U.S. Navy Codebreakers, Linguists, and Intelligence Officers against Japan, 1910-1941

A Biographical Dictionary

By (author) Steven E. Maffeo

Hardback - £125.00

Publication date:

16 December 2015

Length of book:

574 pages

Publisher

Rowman & Littlefield Publishers

ISBN-13: 9781442255630

This unique reference presents 59 biographies of people who were key to the sea services being reasonably prepared to fight the Japanese Empire when the Second World War broke out, and whose advanced work proved crucial. These intelligence pioneers invented techniques, procedures, and equipment from scratch, not only allowing the United States to hold its own in the Pacific despite the loss of most of its Fleet at Pearl Harbor, but also laying the foundation of today’s intelligence methods and agencies.

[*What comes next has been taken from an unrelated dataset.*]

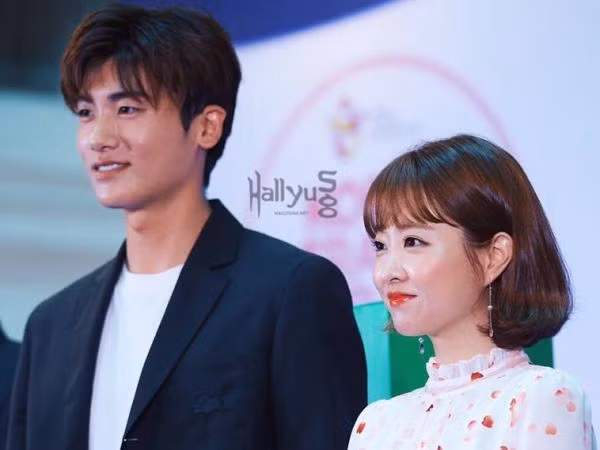Vừa đi du lịch Bali về, Park Bo Young - Park Hyung Sik lại dắt tay nhau sang Singapore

One-hundred years ago, in what was clearly an unsophisticated pre-information era, naval intelligence (and foreign intelligence in general) existed in rudimentary forms almost incomprehensible to us today. Founded in 1882, the U.S. Office of Naval Intelligence (ONI)—the modern world’s “oldest continuously operating intelligence agency”—functioned for at least its first forty years with low manning, small budgets, low priority, and no prestige. The navy’s early steps into communications intelligence (COMINT), which included activities such as radio interception, radio traffic analysis, and cryptology, came with the 1916 establishment of the Code and Signals Section within the navy’s Division of Communications and with the 1924 creation of the “Research Desk” as part of the Section. Like ONI, this COMINT organization suffered from low budgets, manning, priority, and prestige.

The dictionary focuses on these pioneers, many of whom went on, even after World War II, to important positions in the Navy, the State Department, the Armed Forces Security Agency, the National Security Agency, and the Central Intelligence Agency. It reveals the work and innovations of well and lesser-known individuals who created the foundations of today’s intelligence apparatus and analysis.
Though it is well known that US naval intelligence contributed greatly to the Allied victory in the Pacific War, less is known of the dedicated men who worked so long and hard to understand a complicated language and foreign culture. Each of the 59 entries has a photograph of the officer; an excerpt from his entry in The Lucky Bag, the Annapolis yearbook of the Naval Academy; and a discussion of his life and how he contributed to the effort to crack Japan's codes. These interesting details help readers understand the difficult but ultimately successful analytical work and the bitter bureaucratic battles. As expected, the book is extensively documented with excerpts from various sources, footnotes, bibliography, and references at the end of each entry. The author, a retired associate director of the McDermott Library at the US Air Force Academy, has written other books on intelligence topics. This unique tool is a much-needed tribute to these unsung heroes and can be used when researching the pre–WW II era and the attack on Pearl Harbor. Also available in electronic format, it is most suitable for the reference collections of academic or large public libraries. Summing Up: Recommended. Undergraduates through researchers/faculty; general readers.